Source material:
%%

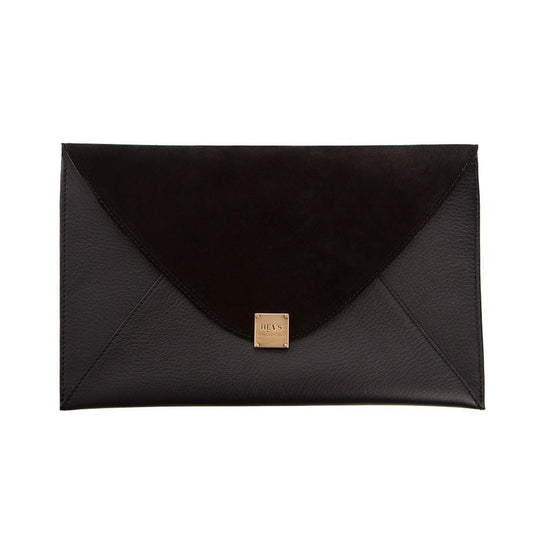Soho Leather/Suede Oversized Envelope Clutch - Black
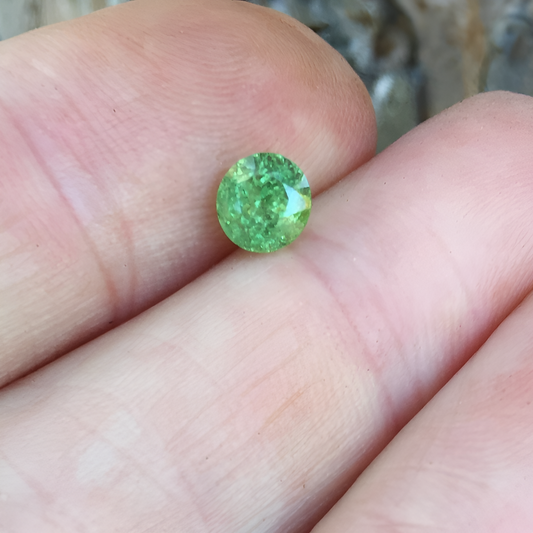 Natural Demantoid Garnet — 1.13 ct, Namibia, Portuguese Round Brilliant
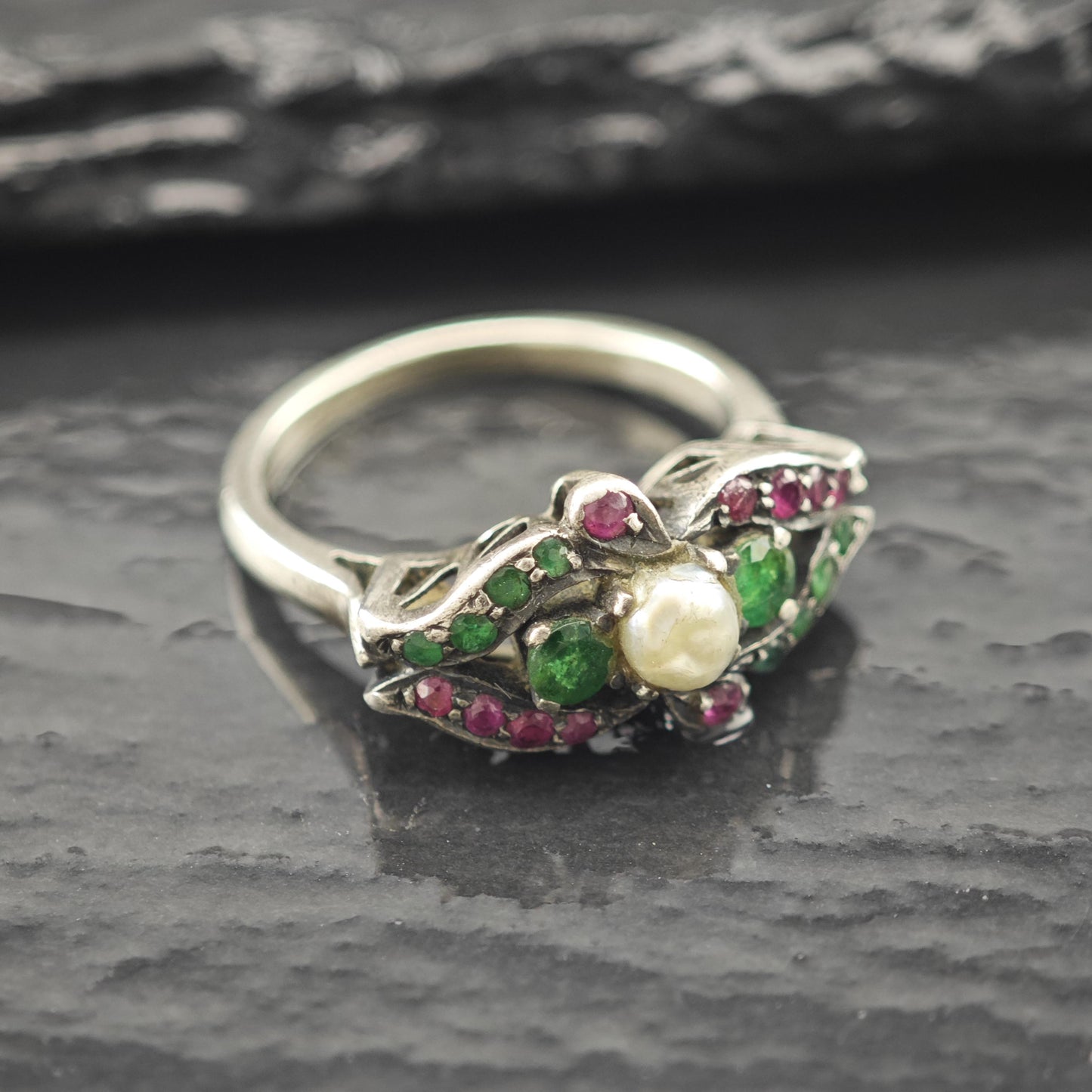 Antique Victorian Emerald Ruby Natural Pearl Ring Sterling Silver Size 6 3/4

%%

Assignment: Ignoring the pictures, write out word for word the lines from the line containing "Natural Demantoid Garnet" through the end of the material above.

Exercise result:
 Natural Demantoid Garnet — 1.13 ct, Namibia, Portuguese Round Brilliant
 Antique Victorian Emerald Ruby Natural Pearl Ring Sterling Silver Size 6 3/4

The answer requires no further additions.